There, Muniz was questioned again and allegedly agreed to another
frisk. That search resulted in the find of the Topaz keys in
Muniz's sock.
The relevant test in determining whether the initial
encounters described above were actually investigative detentions,
enunciated in Florida v. Bostick, 501 U.S. 429, 434 (1991), is
whether a reasonable person in the circumstances presented would
feel free to disregard the agents and go about his or her business.
The government offers the following facts in defense of the court's
finding: 1) the agents wore no uniforms and displayed no weapons;
12
2) the agents did not overwhelm appellants in numbers; 3) the
agents identified themselves truthfully and asked permission to
speak with appellants; 4) the encounters occurred in a public open
place and appellants' movements were not blocked; 5) no threats
were made. According to the government, the circumstances, when
viewed in their totality, support a conclusion that the initial
conversations were not seizures.
There is no indication from the facts of the initial stop of
Gonzales that the agents made any display of authority beyond
identifying themselves or attempted to control Gonzales's movement.
In U.S. v. Galberth, 846 F.2d 983, 989 (5th Cir.), cert. denied 488
U.S. 865 (1988), this Circuit upheld a lower court finding that an
encounter was consensual where the police merely identified
themselves, requested identification and asked questions. See also
U.S. v. Encarnacion-Galvez, 964 F.2d 402, 410 (5th Cir.) (encounter
consensual where police just identified themselves, requested proof
of citizenship, but did not attempt to block movement of
defendant), cert. denied 506 U.S. 945 (1992); U.S. v. Valdiosera-
Godinez, 932 F.2d 1093, 1099 and n.2 (5th Cir.) (neither the fact
that the DEA agents identified themselves nor the presence of other
officers automatically converted encounters into an investigatory
detention), cert. denied 124 L.Ed.2d 275 (1993). There is one
troubling element: the officers informed Gonzales that the car he
was driving was suspected of being used to transport drugs. This
may have pushed the encounter, which was initially consensual, to
being a Terry stop.
13
This Circuit, in Galberth, 846 F.2d at 990 n.11, noted that a
statement by a law enforcement officer that an individual is
suspected of illegal activity is persuasive evidence that the
fourth amendment has been implicated. See also Valdiosera-Godinez,
932 F.2d at 1099 (citing U.S. v. Berry, 670 F.2d 583, 597 (5th Cir.

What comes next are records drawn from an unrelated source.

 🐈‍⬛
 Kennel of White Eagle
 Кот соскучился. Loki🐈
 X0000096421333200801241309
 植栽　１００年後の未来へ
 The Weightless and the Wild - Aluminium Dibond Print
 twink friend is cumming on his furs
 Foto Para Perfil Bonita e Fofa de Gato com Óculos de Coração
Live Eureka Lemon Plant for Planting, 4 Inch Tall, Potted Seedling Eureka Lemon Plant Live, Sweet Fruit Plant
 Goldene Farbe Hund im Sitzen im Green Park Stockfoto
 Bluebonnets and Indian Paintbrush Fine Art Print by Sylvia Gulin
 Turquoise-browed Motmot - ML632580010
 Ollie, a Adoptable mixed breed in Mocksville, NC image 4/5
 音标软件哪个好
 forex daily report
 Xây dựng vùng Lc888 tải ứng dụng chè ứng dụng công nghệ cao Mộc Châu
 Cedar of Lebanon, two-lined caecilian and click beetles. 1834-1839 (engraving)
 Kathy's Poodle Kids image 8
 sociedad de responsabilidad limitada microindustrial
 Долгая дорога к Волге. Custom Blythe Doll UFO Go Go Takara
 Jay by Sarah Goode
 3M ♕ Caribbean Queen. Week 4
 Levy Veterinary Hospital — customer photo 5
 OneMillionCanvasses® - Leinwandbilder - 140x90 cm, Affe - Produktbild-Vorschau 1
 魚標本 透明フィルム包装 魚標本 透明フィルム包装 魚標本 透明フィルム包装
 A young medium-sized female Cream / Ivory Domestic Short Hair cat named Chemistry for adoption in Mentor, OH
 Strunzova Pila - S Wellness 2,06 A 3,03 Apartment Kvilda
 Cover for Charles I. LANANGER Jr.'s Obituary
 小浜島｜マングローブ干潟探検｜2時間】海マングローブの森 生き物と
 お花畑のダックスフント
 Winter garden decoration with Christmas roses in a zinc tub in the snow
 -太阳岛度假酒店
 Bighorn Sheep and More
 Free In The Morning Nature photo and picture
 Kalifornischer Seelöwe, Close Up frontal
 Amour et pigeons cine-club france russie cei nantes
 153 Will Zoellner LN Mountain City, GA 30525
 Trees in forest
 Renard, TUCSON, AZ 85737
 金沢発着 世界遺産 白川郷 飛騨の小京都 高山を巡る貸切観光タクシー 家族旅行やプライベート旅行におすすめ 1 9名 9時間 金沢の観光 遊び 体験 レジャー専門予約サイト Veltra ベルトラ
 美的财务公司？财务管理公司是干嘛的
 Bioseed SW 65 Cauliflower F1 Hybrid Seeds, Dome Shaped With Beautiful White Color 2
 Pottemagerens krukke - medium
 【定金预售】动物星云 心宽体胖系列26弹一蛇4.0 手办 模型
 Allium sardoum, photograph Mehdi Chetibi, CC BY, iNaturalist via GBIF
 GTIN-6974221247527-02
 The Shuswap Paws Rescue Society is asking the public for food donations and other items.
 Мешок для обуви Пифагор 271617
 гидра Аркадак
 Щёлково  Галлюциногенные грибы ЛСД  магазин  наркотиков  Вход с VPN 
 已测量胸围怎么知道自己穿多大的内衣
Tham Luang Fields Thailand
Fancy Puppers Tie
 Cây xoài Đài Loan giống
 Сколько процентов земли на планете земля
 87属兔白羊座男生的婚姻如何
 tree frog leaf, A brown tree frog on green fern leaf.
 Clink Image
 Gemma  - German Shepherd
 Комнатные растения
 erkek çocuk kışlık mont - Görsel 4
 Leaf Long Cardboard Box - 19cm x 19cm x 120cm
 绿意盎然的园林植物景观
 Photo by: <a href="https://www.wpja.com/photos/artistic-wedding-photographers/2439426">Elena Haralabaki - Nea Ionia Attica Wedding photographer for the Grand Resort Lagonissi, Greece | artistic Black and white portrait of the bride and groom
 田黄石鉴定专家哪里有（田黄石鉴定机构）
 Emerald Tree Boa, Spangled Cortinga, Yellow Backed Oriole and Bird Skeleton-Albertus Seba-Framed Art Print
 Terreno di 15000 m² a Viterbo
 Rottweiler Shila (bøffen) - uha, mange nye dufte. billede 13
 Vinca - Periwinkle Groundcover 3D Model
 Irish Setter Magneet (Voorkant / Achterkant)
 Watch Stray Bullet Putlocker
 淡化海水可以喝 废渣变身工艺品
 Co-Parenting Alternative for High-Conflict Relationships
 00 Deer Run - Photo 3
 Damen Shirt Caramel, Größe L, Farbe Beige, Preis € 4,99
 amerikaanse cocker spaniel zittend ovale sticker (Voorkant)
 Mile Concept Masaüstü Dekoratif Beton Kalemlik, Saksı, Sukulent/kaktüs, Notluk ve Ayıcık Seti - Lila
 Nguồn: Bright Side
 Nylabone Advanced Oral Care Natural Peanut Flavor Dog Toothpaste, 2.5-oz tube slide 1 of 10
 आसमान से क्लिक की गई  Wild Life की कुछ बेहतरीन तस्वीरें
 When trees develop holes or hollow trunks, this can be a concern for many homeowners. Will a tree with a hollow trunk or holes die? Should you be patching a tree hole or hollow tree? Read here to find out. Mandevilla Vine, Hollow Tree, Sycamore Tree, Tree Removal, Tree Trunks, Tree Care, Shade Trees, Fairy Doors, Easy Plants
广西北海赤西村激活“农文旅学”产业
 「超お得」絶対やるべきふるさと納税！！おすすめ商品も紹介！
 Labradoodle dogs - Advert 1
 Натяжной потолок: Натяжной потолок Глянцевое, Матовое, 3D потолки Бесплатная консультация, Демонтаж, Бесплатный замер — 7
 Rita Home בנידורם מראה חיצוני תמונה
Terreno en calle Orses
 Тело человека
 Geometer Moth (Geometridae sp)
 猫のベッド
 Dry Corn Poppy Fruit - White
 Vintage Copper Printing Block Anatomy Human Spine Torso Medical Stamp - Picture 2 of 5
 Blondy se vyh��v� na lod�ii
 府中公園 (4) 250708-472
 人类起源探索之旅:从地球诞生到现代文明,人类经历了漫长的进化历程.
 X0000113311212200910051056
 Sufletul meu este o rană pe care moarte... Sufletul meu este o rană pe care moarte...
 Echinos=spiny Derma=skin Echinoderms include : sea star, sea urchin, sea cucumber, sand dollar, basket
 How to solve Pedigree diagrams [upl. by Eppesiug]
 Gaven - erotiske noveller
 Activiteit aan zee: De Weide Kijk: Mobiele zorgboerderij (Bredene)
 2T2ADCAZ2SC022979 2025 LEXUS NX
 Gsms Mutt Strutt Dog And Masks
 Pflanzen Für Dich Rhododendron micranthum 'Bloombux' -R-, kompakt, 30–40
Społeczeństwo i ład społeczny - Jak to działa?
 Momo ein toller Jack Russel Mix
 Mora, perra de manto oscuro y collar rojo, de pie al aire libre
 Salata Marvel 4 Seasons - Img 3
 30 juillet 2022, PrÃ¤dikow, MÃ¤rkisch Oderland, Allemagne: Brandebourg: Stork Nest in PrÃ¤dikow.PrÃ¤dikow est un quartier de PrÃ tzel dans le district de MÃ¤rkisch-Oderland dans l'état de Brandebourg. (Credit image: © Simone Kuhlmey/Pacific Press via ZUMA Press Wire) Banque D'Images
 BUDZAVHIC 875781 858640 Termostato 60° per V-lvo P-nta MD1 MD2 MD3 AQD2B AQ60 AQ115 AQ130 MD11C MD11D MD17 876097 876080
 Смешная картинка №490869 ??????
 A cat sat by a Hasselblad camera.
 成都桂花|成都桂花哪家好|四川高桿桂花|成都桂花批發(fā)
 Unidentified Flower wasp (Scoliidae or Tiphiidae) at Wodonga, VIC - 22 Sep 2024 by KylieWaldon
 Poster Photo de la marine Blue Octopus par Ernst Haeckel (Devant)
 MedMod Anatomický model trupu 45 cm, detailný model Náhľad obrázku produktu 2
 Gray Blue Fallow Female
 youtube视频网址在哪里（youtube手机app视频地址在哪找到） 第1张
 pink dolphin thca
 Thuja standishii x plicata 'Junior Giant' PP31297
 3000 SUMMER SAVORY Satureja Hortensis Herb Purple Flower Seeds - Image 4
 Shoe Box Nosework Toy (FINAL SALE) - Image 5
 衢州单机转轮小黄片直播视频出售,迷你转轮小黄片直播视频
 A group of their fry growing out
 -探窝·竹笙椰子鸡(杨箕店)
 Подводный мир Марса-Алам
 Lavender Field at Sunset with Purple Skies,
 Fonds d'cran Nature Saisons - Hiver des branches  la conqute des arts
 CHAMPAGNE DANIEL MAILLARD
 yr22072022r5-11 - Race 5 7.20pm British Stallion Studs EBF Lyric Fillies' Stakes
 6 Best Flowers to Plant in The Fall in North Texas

Unit B 1982) (statement by officer that "'individuals are suspected
of smuggling drugs'" is a factor to be given great weight in
determining whether the stop was investigative detention). The
statement by the agent in the instant case about Gonzales's car
being suspected may have implicated the Fourth Amendment. However,
as discussed below, the agents likely had reasonable suspicion to
detain him at that point anyway and the stop still appears, at its
initial phase, to have been consensual.
The situation with Muniz is only slightly more problematic.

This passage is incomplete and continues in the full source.